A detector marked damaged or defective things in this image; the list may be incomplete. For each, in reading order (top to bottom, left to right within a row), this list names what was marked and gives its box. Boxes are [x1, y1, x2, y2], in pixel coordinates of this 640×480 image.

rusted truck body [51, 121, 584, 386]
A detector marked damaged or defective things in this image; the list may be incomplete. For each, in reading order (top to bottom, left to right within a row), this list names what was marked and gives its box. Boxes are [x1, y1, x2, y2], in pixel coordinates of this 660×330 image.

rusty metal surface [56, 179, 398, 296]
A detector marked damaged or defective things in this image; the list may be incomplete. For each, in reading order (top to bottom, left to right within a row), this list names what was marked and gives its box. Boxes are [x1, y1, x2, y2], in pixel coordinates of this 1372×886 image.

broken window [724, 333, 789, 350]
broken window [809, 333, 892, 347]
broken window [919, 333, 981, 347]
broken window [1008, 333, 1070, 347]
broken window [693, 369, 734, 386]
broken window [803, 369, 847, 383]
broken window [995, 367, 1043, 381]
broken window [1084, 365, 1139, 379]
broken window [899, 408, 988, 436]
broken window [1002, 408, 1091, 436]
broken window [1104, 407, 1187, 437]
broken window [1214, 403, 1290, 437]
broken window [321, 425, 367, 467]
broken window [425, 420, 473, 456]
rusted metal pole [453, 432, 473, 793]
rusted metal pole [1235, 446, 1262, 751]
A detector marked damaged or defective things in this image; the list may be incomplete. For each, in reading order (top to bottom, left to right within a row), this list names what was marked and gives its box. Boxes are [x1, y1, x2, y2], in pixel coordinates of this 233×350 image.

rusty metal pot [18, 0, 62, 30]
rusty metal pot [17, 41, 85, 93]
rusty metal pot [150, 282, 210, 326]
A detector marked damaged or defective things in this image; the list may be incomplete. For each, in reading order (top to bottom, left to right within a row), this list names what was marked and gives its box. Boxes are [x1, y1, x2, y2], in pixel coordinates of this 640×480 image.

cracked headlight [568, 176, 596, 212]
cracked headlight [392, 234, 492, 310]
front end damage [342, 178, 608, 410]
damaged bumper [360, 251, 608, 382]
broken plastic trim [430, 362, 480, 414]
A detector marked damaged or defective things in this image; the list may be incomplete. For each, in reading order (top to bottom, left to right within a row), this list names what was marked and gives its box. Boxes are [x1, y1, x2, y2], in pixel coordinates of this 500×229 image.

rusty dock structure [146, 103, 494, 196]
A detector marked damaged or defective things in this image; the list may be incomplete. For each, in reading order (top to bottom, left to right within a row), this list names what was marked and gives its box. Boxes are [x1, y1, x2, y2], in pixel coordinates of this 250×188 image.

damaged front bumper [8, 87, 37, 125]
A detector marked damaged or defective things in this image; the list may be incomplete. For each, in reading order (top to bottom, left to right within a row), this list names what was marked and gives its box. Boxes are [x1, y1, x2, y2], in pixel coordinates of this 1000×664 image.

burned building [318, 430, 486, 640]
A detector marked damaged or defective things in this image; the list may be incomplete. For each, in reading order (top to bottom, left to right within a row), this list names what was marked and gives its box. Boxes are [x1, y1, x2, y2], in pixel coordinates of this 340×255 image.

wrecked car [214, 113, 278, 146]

============

The output consists solely of the lines from the line that contains "this 233×350 image." through the final line of the data.

■ FINAL ANSWER:
A detector marked damaged or defective things in this image; the list may be incomplete. For each, in reading order (top to bottom, left to right within a row), this list names what was marked and gives its box. Boxes are [x1, y1, x2, y2], in pixel coordinates of this 233×350 image.

rusty metal pot [18, 0, 62, 30]
rusty metal pot [17, 41, 85, 93]
rusty metal pot [150, 282, 210, 326]
A detector marked damaged or defective things in this image; the list may be incomplete. For each, in reading order (top to bottom, left to right within a row), this list names what was marked and gives its box. Boxes are [x1, y1, x2, y2], in pixel coordinates of this 640×480 image.

cracked headlight [568, 176, 596, 212]
cracked headlight [392, 234, 492, 310]
front end damage [342, 178, 608, 410]
damaged bumper [360, 251, 608, 382]
broken plastic trim [430, 362, 480, 414]
A detector marked damaged or defective things in this image; the list may be incomplete. For each, in reading order (top to bottom, left to right within a row), this list names what was marked and gives its box. Boxes are [x1, y1, x2, y2], in pixel coordinates of this 500×229 image.

rusty dock structure [146, 103, 494, 196]
A detector marked damaged or defective things in this image; the list may be incomplete. For each, in reading order (top to bottom, left to right within a row), this list names what was marked and gives its box. Boxes are [x1, y1, x2, y2], in pixel coordinates of this 250×188 image.

damaged front bumper [8, 87, 37, 125]
A detector marked damaged or defective things in this image; the list may be incomplete. For each, in reading order (top to bottom, left to right within a row), this list names what was marked and gives its box. Boxes are [x1, y1, x2, y2], in pixel coordinates of this 1000×664 image.

burned building [318, 430, 486, 640]
A detector marked damaged or defective things in this image; the list may be incomplete. For each, in reading order (top to bottom, left to right within a row), this list names what was marked and gives its box. Boxes are [x1, y1, x2, y2], in pixel coordinates of this 340×255 image.

wrecked car [214, 113, 278, 146]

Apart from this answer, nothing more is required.